At present, the treatment methods of diabetic foot include debridement, negative pressure wound treatment, hyperbaric oxygen therapy, epidermal growth factor, photodynamic therapy and the like. The method for treating diabetic foot is complex, and has the conditions of long treatment period, high treatment cost, slow effect, poor safety and the like.
The compound has obvious side effects on treating the diabetic foot, and can cause other adverse effects, so that the problem of urgent need to be solved for treating the diabetic foot by searching a composition with less adverse reactions and a treatment method which is convenient to operate.

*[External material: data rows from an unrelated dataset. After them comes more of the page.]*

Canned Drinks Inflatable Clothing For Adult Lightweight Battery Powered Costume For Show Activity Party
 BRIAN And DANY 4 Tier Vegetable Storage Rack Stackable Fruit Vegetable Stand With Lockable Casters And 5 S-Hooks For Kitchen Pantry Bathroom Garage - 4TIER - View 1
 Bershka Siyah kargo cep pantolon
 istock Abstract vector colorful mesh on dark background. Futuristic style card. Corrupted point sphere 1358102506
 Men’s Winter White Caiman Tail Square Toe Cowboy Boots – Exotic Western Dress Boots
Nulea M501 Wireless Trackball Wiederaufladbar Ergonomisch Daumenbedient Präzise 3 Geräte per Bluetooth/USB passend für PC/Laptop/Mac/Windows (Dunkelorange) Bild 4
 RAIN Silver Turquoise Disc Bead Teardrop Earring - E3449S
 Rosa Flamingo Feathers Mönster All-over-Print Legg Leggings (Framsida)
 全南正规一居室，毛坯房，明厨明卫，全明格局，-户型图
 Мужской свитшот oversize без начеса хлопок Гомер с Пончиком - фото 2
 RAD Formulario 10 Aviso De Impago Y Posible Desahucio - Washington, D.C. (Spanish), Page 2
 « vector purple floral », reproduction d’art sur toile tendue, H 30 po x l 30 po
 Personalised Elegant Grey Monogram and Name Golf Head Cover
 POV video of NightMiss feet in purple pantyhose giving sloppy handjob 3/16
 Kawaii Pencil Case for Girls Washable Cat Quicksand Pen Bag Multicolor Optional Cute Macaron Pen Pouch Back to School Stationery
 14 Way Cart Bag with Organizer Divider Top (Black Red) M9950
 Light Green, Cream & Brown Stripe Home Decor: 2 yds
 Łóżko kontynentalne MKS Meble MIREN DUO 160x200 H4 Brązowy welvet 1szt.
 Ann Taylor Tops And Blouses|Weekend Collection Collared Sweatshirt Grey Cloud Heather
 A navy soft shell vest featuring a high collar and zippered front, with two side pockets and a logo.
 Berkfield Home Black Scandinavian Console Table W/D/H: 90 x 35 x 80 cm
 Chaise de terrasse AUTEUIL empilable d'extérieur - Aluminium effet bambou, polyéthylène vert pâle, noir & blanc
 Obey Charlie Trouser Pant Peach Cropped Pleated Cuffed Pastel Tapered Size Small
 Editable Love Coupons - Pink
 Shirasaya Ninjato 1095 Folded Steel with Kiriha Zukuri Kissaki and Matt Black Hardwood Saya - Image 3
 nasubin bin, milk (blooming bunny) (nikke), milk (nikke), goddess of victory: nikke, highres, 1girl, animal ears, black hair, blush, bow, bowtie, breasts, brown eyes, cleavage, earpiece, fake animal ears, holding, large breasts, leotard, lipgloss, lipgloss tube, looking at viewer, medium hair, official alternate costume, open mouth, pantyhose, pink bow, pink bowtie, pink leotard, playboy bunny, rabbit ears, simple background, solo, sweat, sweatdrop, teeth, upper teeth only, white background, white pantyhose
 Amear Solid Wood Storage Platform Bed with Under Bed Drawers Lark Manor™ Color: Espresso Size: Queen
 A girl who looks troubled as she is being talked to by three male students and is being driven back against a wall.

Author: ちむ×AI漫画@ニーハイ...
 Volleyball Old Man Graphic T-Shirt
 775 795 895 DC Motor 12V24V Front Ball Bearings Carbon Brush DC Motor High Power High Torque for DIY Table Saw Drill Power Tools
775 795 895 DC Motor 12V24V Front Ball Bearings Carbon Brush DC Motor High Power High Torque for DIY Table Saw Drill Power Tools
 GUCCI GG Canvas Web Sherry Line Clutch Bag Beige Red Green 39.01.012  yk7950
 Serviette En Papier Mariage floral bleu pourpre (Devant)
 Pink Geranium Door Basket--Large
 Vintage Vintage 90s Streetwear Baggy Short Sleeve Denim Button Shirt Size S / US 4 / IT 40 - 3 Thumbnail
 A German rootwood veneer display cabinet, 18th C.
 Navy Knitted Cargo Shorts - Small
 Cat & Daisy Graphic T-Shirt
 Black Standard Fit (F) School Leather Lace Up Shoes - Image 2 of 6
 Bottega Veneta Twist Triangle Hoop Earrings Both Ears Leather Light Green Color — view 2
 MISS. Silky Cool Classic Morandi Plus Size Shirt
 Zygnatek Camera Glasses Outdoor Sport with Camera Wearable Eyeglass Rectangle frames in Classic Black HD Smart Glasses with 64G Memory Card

Chinese patent CN114404590A "use of TGF-beta inhibitor in preparation of medicine for treating diabetic foot" discloses that by adding the TGF-beta inhibitor obtained by screening into a culture medium, endothelial cells are domesticated and cultured to obtain function-enhanced endothelial cells, and the endothelial cells are prepared into a cell preparation for treating diabetic foot. Has obvious treatment effect on promoting the regeneration of the bypass blood vessels of the diabetic foot patients and improving the blood circulation of the affected limbs. But the preparation method is more complicated.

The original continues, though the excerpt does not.